TASK PROMPT: Will you write out, word for word, every line from the one with "Jack Wills Womens" to the final line of the data below, with the pictures left out?

Image-caption web data
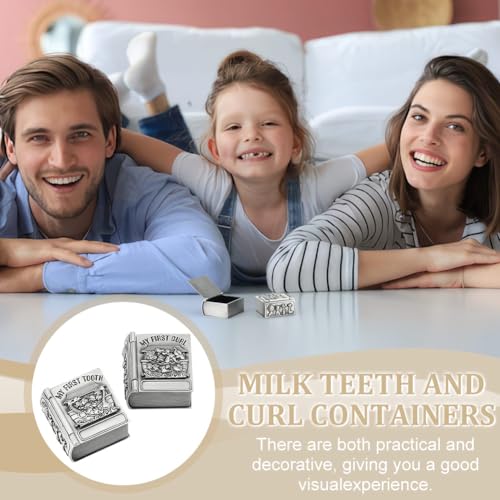 FINGERINSPIRE 2Pcs My First Curl and My First Tooth Keepsake Box Antique Silver Tooth Collection Organizer Holder My First...
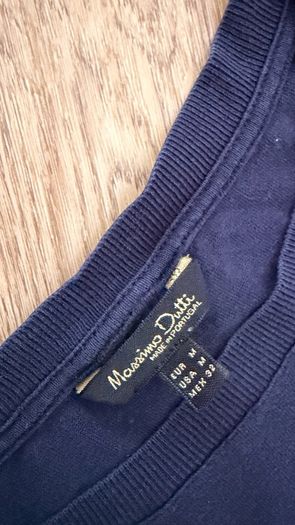 Massimo Dutti Navy Lightweight Knit Jumper
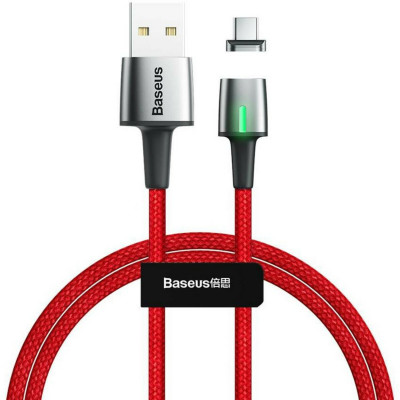 Кабель Baseus Zinc Magnetic Cable USB For Type-C 2A 2m Red - зображення 1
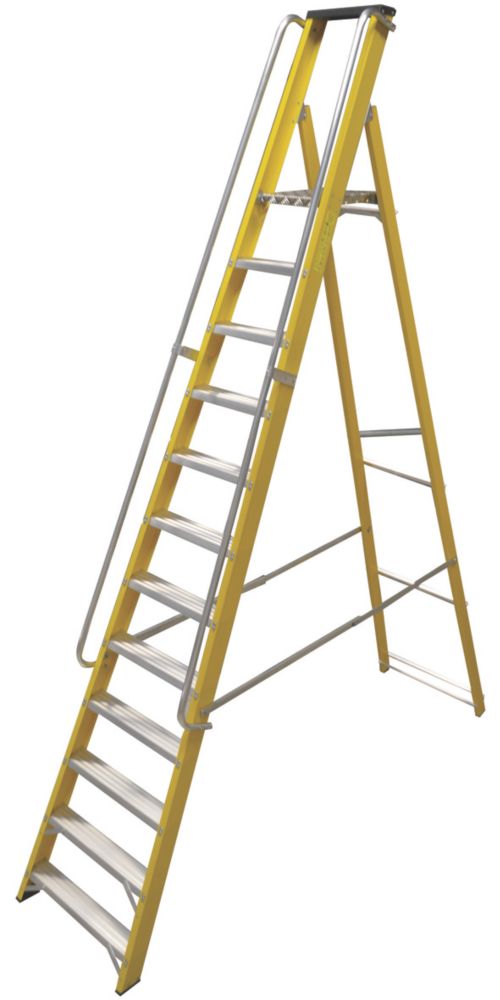 Image of Lyte Fibreglass 12-Treads Platform Stepladder With Handrail 2.56m 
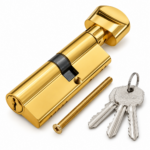 Single Cylinder 70Mm (Key+Knob) Gold Plated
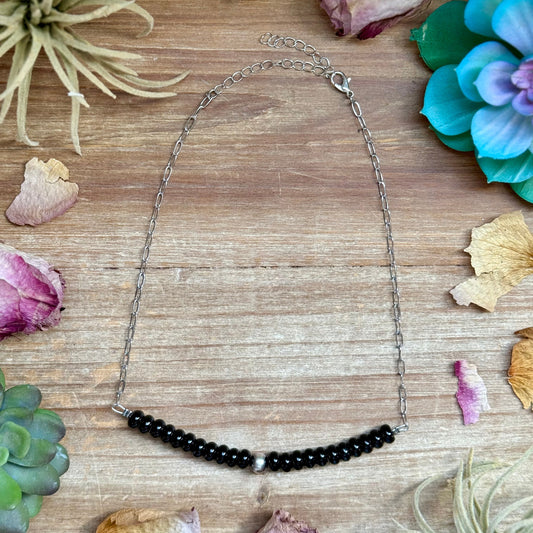 16 inch black onyx paperclip necklace with sterling silver bead handmade in the USA by The Bijoux FAB
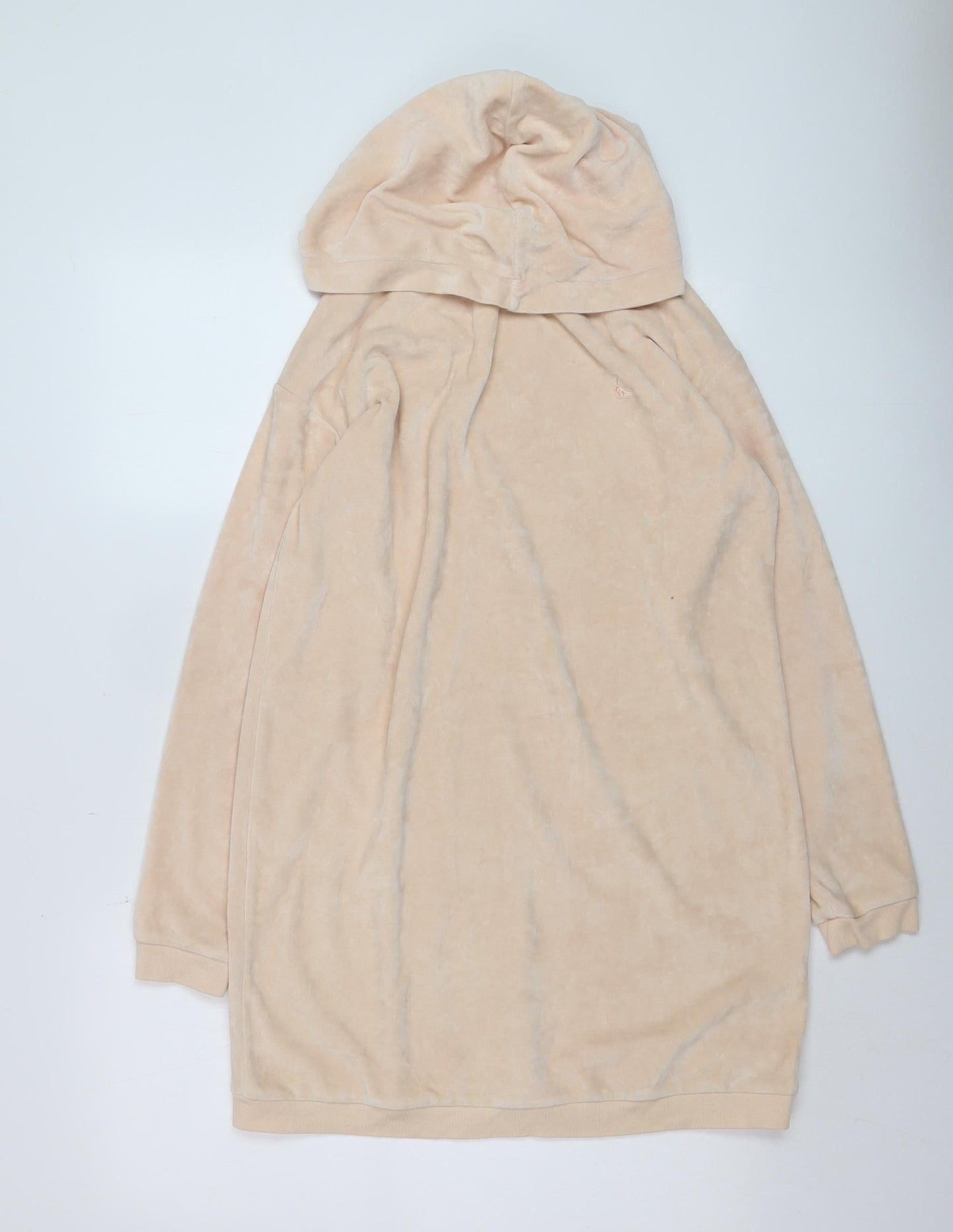 Jack Wills Womens Beige Pullover Hoodie UK 8 Velour Cotton Blend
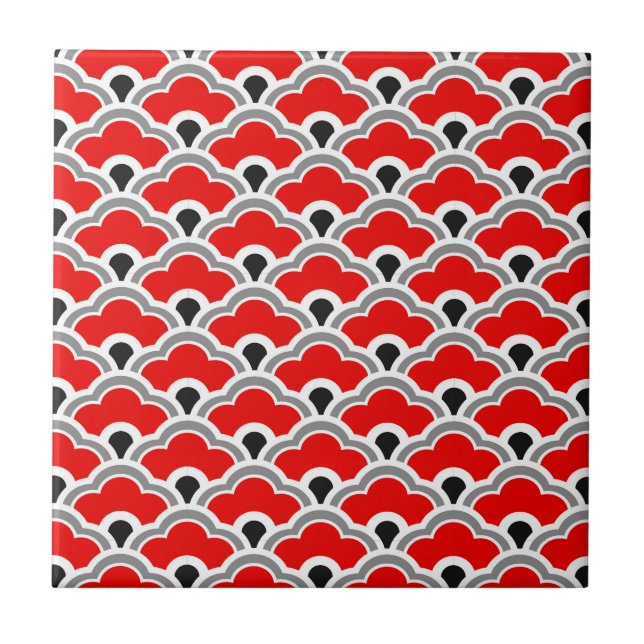 Deco Chinese Scallops, Red, Black and White Tile Kakelplatta (Framsidan)
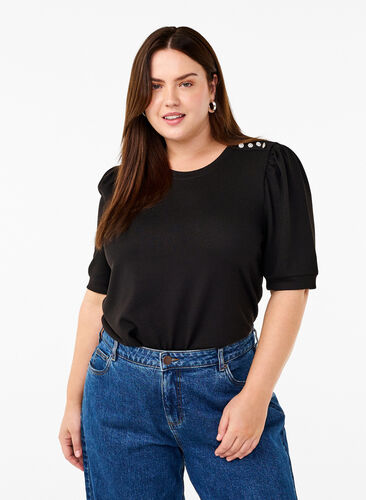 Zizzi Blouse met knoopdetail en korte pofmouwen, Black, Model image number 0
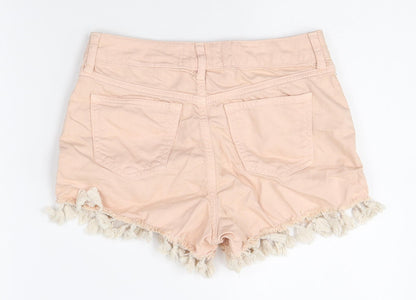 Miss Selfridge Womens Pink Cotton Hot Pants Shorts Size 6 Regular Zip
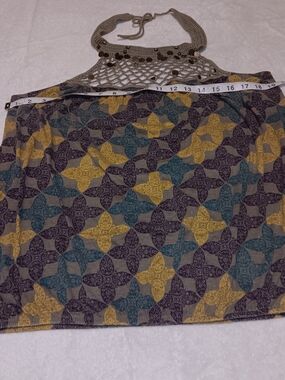 Decree 🎂 Crochet Halter Tank Top in Beige, Yellow, Teal, and Purple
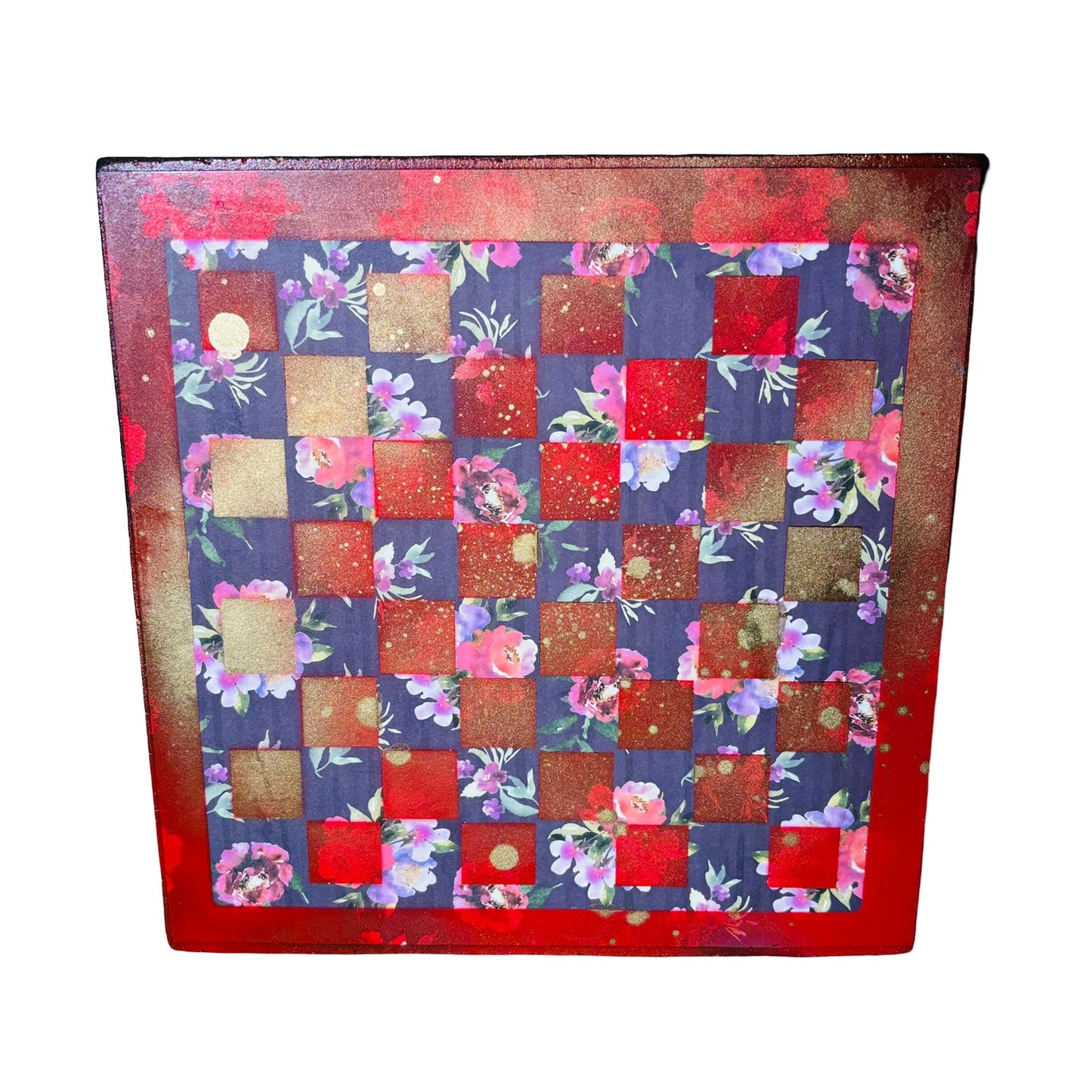 Vintage Golden Red - Scrapbook Chess Board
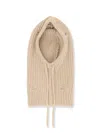 Mm6 Maison Margiela Wool Blend Balaclava With Distressed Effect In Neutral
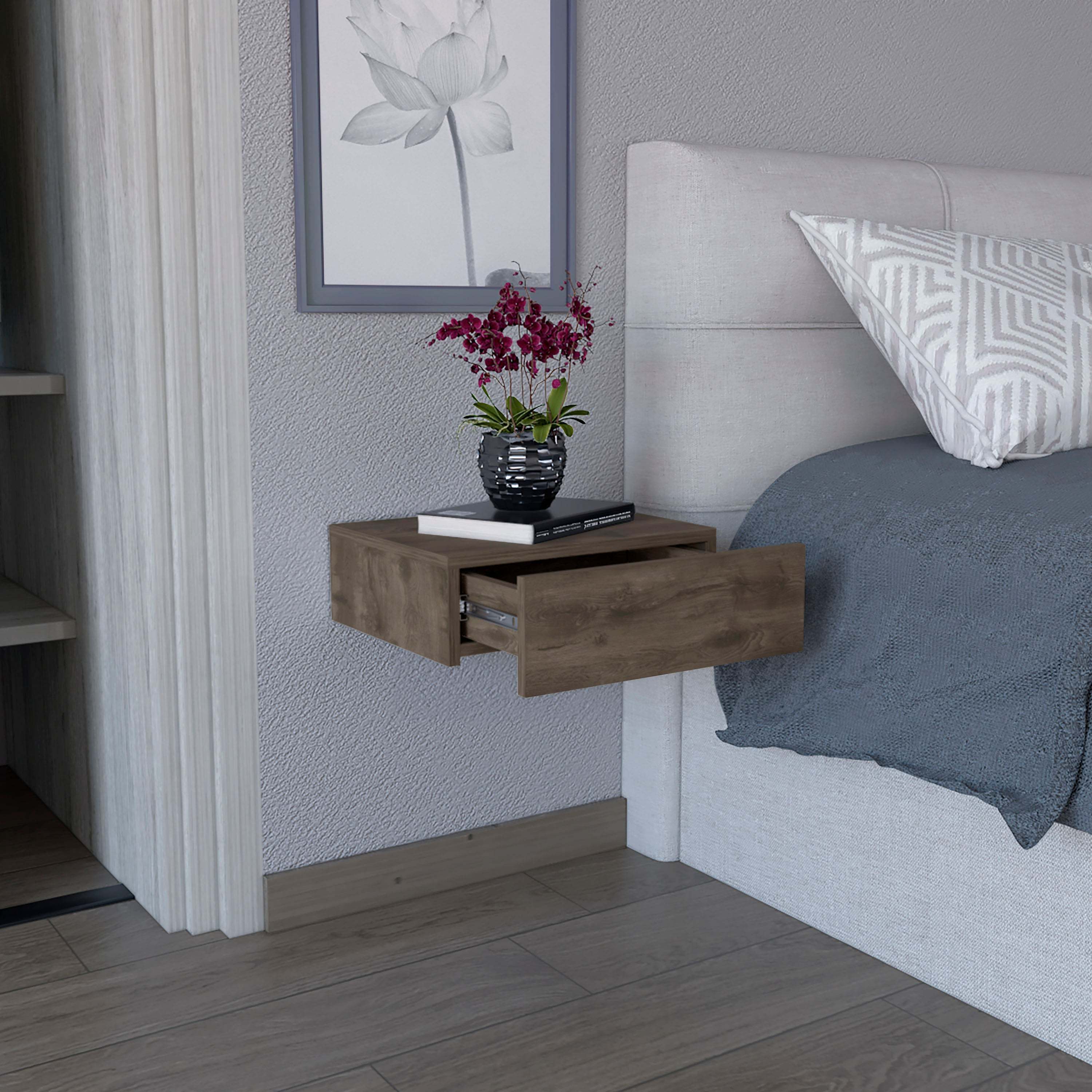 Milano Floating Nightstand w/ Drawer - Dark Brown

RESPONSE TO THE EXERCISE:
 Jack Wills Womens Beige Pullover Hoodie UK 8 Velour Cotton Blend
 Deco Chinese Scallops, Red, Black and White Tile Kakelplatta (Framsidan)
 Zizzi Blouse met knoopdetail en korte pofmouwen, Black, Model image number 0
 Miss Selfridge Womens Pink Cotton Hot Pants Shorts Size 6 Regular Zip
 Decree 🎂 Crochet Halter Tank Top in Beige, Yellow, Teal, and Purple
 Vintage Golden Red - Scrapbook Chess Board
 Mm6 Maison Margiela Wool Blend Balaclava With Distressed Effect In Neutral
 Milano Floating Nightstand w/ Drawer - Dark Brown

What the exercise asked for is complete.